“La vertigine della salita” è, apparentemente, un ossimoro. La vertigine, tradizionalmente, appartiene alla discesa, è della discesa, è la discesa. Quel misto di paura e libidine, rischio e godimento, strizza e gioia, capaci – appunto – di regalare brividi e pelle d’oca. Invece la salita implica fatica e sacrificio, dunque pentimento ed espiazione, se non sublimazione e santificazione.
Riccardo Barlaam cavalca la contraddizione in termini. Per lui la salita è mistica e non solo fisica, spirituale e non solo muscolare, ascetica e non solo atletica. Per lui “l’ascesa del corpo verso l’alto, verso la conquista di una salita, porta con sé una sorta di elevazione dello spirito. Forse per questo da sempre sulle montagne si innalzano santuari, chiese, croci, statue di santi, madonne”. Poi però ci sono anche la solitudine, la bellezza, l’impegno, “quel mosaico di colori, linee, curve, tonalità di luci e di blu cielo e di bianco nuvole e di verde che colpiscono lo sguardo e l’anima”. E il tutto è affascinante, seducente, vertiginoso.
“La vertigine della salita” (Edidiclo, 2016, ristampato e ridistribuito da “il Giornale”, 2021) è un prezioso libriccino tascabile (tasca di maglia ciclistica) di 96 pagine (9,50 euro), che non si data e non invecchia. “Le piccole considerazioni sull’ebbrezza del pedalare verso l’alto” rimangono a dispetto dei tempi che cambiano, quelli dai piedi alla cima di un Tonale o di un Pordoi o di un Gavia, a dispetto forse anche del mezzo, bici da corsa o gravel o perfino elettrica, a dispetto comunque dell’età, se non con le dovute variazioni legate al tema.

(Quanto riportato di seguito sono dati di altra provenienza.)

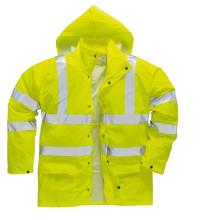 Portwest S491 Sealtex Ultra s&aacute;rga f&eacute;nyvisszaverő b&eacute;l&eacute;s n&eacute;lk&uuml;li kab&aacute;t L term&eacute;kfot&oacute;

Barlaam filosofeggia, com’è nelle intenzioni della collana (“Piccola filosofia di viaggio”, che va – per dirne due – da “La vocazione di perdersi” a “L’arte di perdere tempo”). Qua e là, una citazione a sostegno (“Non importa quanto tu sia forte, ciò che importa di più quando fai una salita o quando scali una montagna è che tu sia autentico”, Maurice Herzog), un’opinione a confronto (“Chi più in alto sale, più lontano vede. Chi più lontano vede, più a lungo sogna”, Walter Bonatti), una confessione letteraria (“Vado così forte in salita per abbreviare la mia agonia”, Marco Pantani a Gianni Mura).
“La vertigine della salita” si legge e si rilegge, non necessariamente dall’inizio, non istintivamente tutto d’un fiato, non perché non sia chiaro o facile, ma per ricordare, per imparare, per elevarsi, per scollinare. Le salite si fanno e si rifanno. Ogni volta è una nuova volta, è un’altra volta.